Lesson Plan

IMOS Home Student Center TallTech Home
 

October 12, 1999

Details

Title

Information Resources on the Web
Compressing files with WinZip
File Types

Time Allotment

3 hrs

Reading / References

Read chapter 5 from Internet Comprehensive
Additional references/information (from book source) can be found at 
    http://www.course.com/downloads/NewPerspectives/internet/cmp/t05.html

References on TallTech WWW

    Common Internet File Formats (HTM) - fairly complete list of formats out there

Documents on TallTech FTP 

Please note: Some documents are a little dated, but conceptually the same.

Objectives

Coursework / Lab Work

Home Work

Demo

Information Resources

WINZIP

Supplemental Information

Text vs. Binary

With text files, most text editors can be used to access the file.

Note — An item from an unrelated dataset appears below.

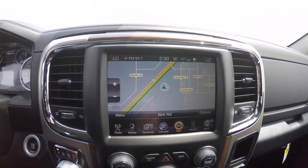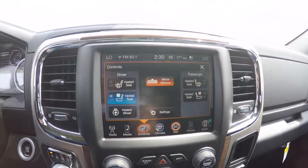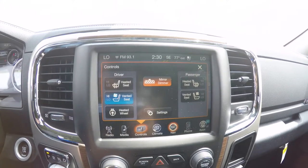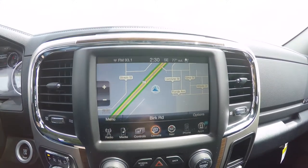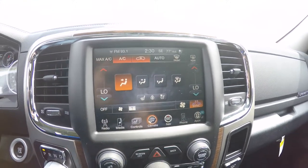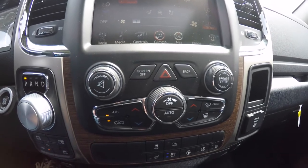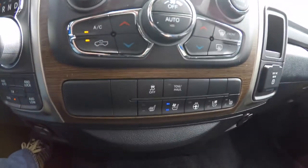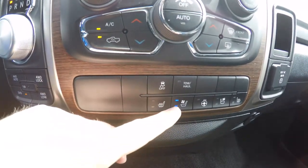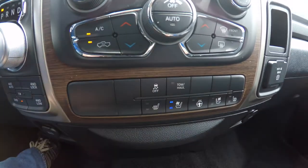This vehicle has the 8.4-inch touchscreen display with satellite navigation — it is Garmin-based. The audio system is hooked up to the Alpine premium sound system. In the touchscreen you have controls for heated and ventilated seats, a heated steering wheel, and dual-zone electronic climate control. You've also got UConnect apps with 3G connectivity, plus redundant controls below for audio, climate, heated and ventilated seats, heated wheel, stability control, and tow/haul mode.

With binary files, programs specifically used to read the binary must be used.

Binary files can take the form of compressed files, executable files, sound files, graphic files, word processing documents, spreadsheets, etc.

File Compression

Large files, which may be graphics, audio, video or text information, often take several minutes to transfer or download over the Internet. To make more efficient use of space and to speed things up, most large files are compressed. This can often cut download or transfer time by as much as half.

How does compression work? Compression software uses complex mathematical equations to scan a file for repeating patterns in the data. It replaces the repeating data with smaller codes that take up fewer bytes. For example, one way compression software works is to replace repeating text characters with a code and notes the code's positions in the document.

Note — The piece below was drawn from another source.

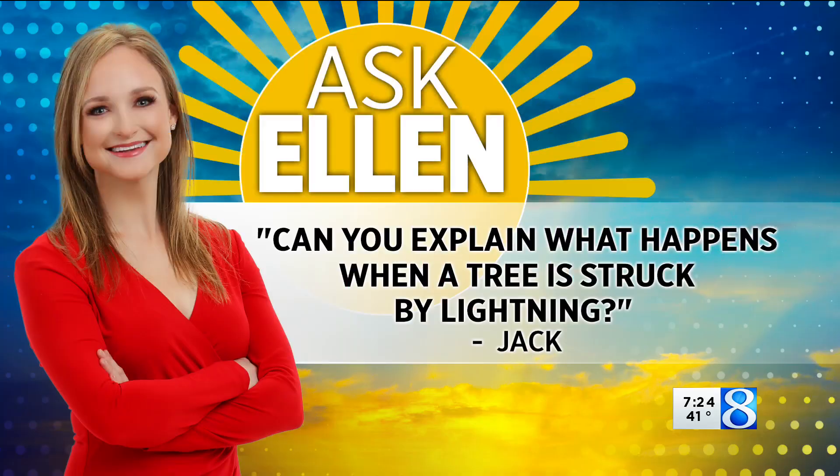Welcome back. It is Thursday and that means it's time for another round of Ask Ellen. Today's question comes from Jack. Piggybacking off of our segment last week on lightning, he says a tree in his yard was struck by lightning and it actually stripped the bark off of it and left the trunk a sunburnt red color.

Compression is used to reduce the amount of space required to store information, and to reduce the amount of time required to download data. There are two types of compression: "lossy" and "lossless." Lossy compression is usually very high data reduction, but loses some of the data quality upon de-compression by the receiving computer. Lossless compression uses very careful mathematical rules (called "algorithms") to reorganize the data so that it can be accurately de-compressed. 

There are a number of common compression types used for different data types:

JPEG

The Joint Photographic Experts Group standard is used to compress still images. Known limitations of the human eye, that color details are less important than contrast (light-dark) and let those details be compressed to a greater degree. JPEG is best for photos with subtle shading.

GIF

General Image Format, created by CompuServe to store images, reduces color bit depth to 8 bits (256 colors). GIF is best for line art or simple "cartoon" images.

Archives

These programs take several input files (even entire data directories), compress them and produces a single archive file. Examples are ARC, ARJ, LHA, ZIP, ZOO.

LZW

Based on the work of pioneers Lempel, Ziv, and Welch at Unisys. (see http://www.cis.ohio-state.edu/hypertext/faq/usenet/compression-faq/ for details on the patents). A variation of LZW is used in the V.42bis modem standard for data transmission.

MPEG

Moving Picture Experts Group standards for video, not only compresses each frame, but also predicts frame-to-frame images by ignoring redundant non-changing pixels, and storing only variations between frames

Archives

ZIP Files PKZIP / WinZip
Compressed Files (.Z) Unix Compressed File
TAR Files Unix program takes separate files and makes one file.
LZH Files LHA Archive

There are three main types of compression used on Unix systems: zip, compress, tar.

Take the  example (filename.tar.Z) you would need to undo the compression from left to right. The '.Z' indicates compress via 'compress', you'd enter 'uncompress filename.tar.Z' to undo it. You should be left with 'filename.tar'. The '.tar' indicates the use of 'tar' (Unixesse for Tape ARchive). To undo this enter 'tar -xf filename.tar'. 'tar' is typically used to bundle a series of files so undoing '.tar' will likely result in the creation of a bunch of files.

The zip compression is indicated by a '.zip' extension, undone with 'unzip'. A closely related, in fact compatible, command is 'pkzip'. This is a public domain version found frequently on IBM and compatible platforms.